-- Your assignment --
Copy the following listing word for word.

-- Information supplied --

╔══

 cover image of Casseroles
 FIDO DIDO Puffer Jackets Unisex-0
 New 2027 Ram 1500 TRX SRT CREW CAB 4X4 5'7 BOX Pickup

╚══

-- Reply to the exercise --
 cover image of Casseroles
 FIDO DIDO Puffer Jackets Unisex-0
 New 2027 Ram 1500 TRX SRT CREW CAB 4X4 5'7 BOX Pickup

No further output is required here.